Guadalajara Summit Highlights City´s IT Industry
16 November, 2011
category: News and analysis
After six days of networking, workshops and discussions of the latest developments in the IT industry, the annual Global Public Policy Summit in Guadalajara officially closed with the signing of the Guadalajara Declaration.
“The summit heard how governments are using good public policy to create and foster a thriving digital technology industry that creates jobs in their country,” reads the declaration. “Our hosts in Guadalajara demonstrated how they have achieved this.”
The event brought together people from all over the world, some from very different IT backgrounds, with the topic of, “Fulfilling the Promise of the Digital Age: e-Inclusion in an i-Society.”
Jalisco Governor Emilio Gonzalez told the opening session that Guadalajara was the perfect location for the event due to its strong IT cluster.
“Today there are 90,000 employees in the sector, as well as 600 companies,” said Gonzalez. “It started as a strategy to generate jobs, but quickly became a source of pride and challenges. Now it is a motor for change.”
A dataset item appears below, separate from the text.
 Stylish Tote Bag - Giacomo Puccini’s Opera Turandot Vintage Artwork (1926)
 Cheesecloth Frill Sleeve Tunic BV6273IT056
Octavio Pargo, President of the Western Mexico chapter of the country´s IT industry chamber (CANIETI), said that hosting people from over 50 countries for the event could have positive repercussions for Guadalajara´s IT industry.
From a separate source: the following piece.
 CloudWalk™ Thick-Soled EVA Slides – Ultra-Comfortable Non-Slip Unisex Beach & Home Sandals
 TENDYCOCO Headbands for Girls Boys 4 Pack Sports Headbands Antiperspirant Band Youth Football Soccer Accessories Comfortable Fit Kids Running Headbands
“We have been fighting for six years to bring the event because we have a very important ecosystem and technology cluster,” he said. “We wanted to show that to the world.”
Pargo added that he believed the event was extremely well received by foreign visitors, right after the success of the Pan American Games, and predicted a big future for Jalisco´s IT sector.
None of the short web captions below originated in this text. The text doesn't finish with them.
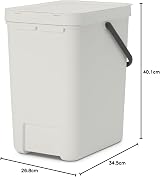 Brabantia Sort & Go 25L Waste Bin Fir Green Space Saver with Stay-Open Lid view 3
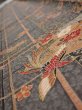 Photo4: 2B08z40  Japanese Kimono Silk  FABRIC Phoenix Gray 59.1x7.5 (4)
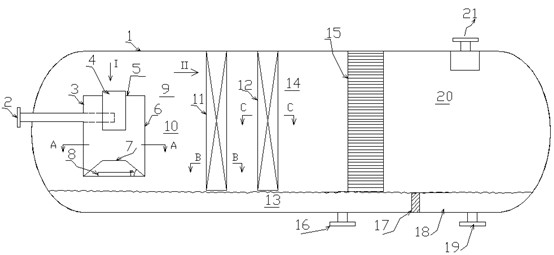 Efficient gas-liquid separator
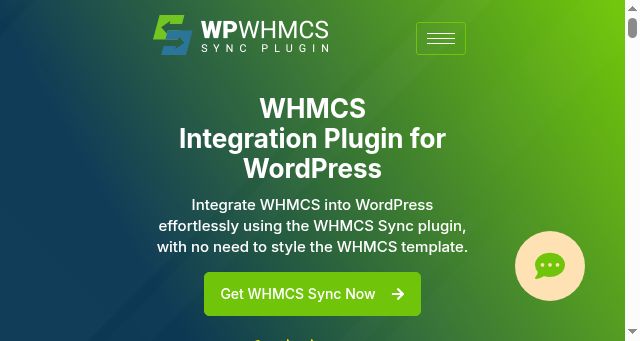 Screenshot of wpwhmcssync.com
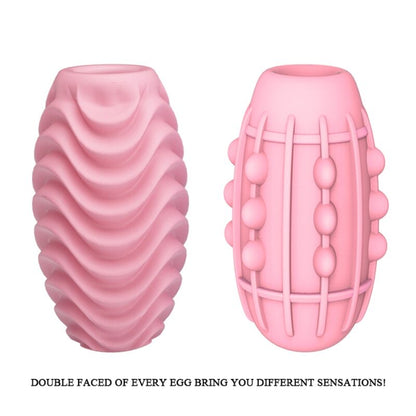PRETTY LOVE - HUEVO MASTURBADOR ROSA DOBLE CARA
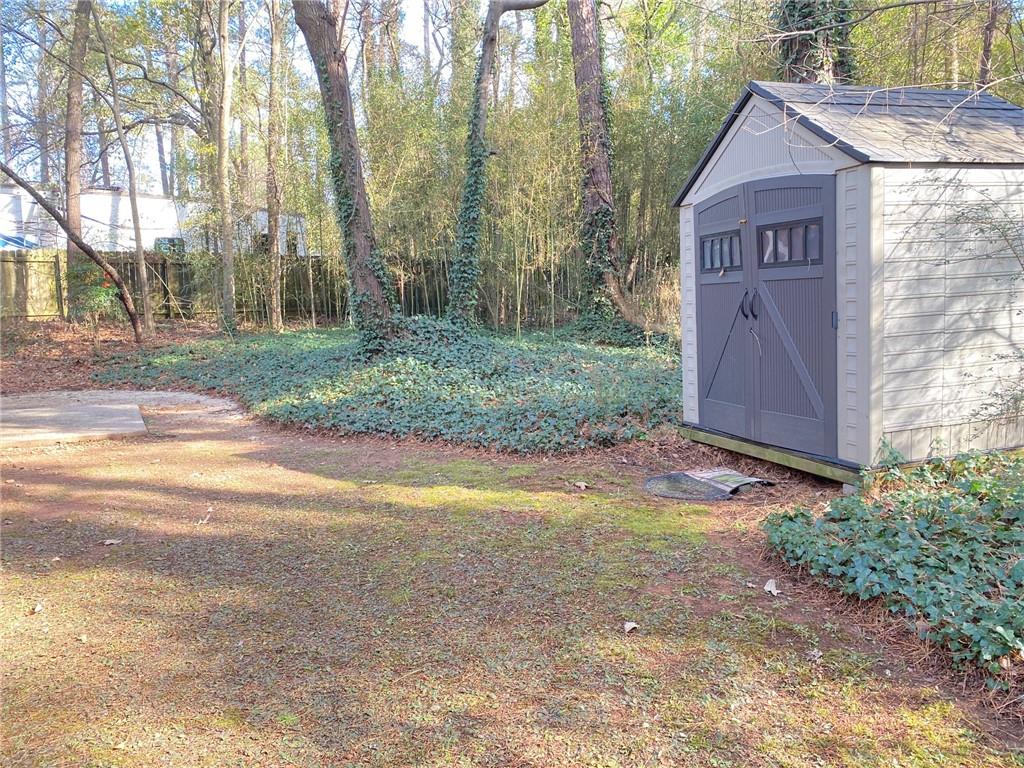 5458 Terrace Garden Way, Unit A Norcross, GA 30071 - Photo 27 of 27 a view of backyard of house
“We have been growing in double digits for the last four or five years, more than 5,000 people per year and we are continuing that trend and I think this is just the start,” he said.
The Global Public Policy Summit highlighted a number of issues relating to the challenges of the digital age, including how IT could be used to promote sustainable economic growth, Internet privacy and even one session in which 50 local Mexican schoolchildren got up onstage and explained the ways they use the Internet and the changes they would like to see in the future.
The schoolchildren, from higher income families, questioned about the role of the internet in their lives unanimously agreed that internet should be free, so other less fortunate members of society could benefit.
They also raised the point that they often have greater knowledge than their teachers about IT issues, pointing to the need to boost the teaching of IT in schools around the world.
A session entitled “Protecting Infrastructure and Information” discussed the need to be pro-active in combatting breaches in privacy and internet security and not taking the laissez-faire approach to the issue.
Egyptian Nizar Zakka described the importance of social networks in the recent Egyptian Revolution and the role of his organization, the Union of Arab ICT Organizations, in promoting internet use throughout the country.
A key theme throughout the conference was the forging of public-private partnerships to facilitate the reduction of the digital divide, “because we are an information society and information is still being limited,” as Pargo said.
According to a Mexico Internet Association (AMIPCI) report from February 2011, only 27.6 percent of Mexicans have access to the internet in their homes, something CANIETI has been pushing the government to help improve.
At the conference´s closing ceremony, the president of the World Information Technology and Services Alliance (WITSA), Dan Khoo declared the Guadalajara event the best in the history of Global Public Policy Summits.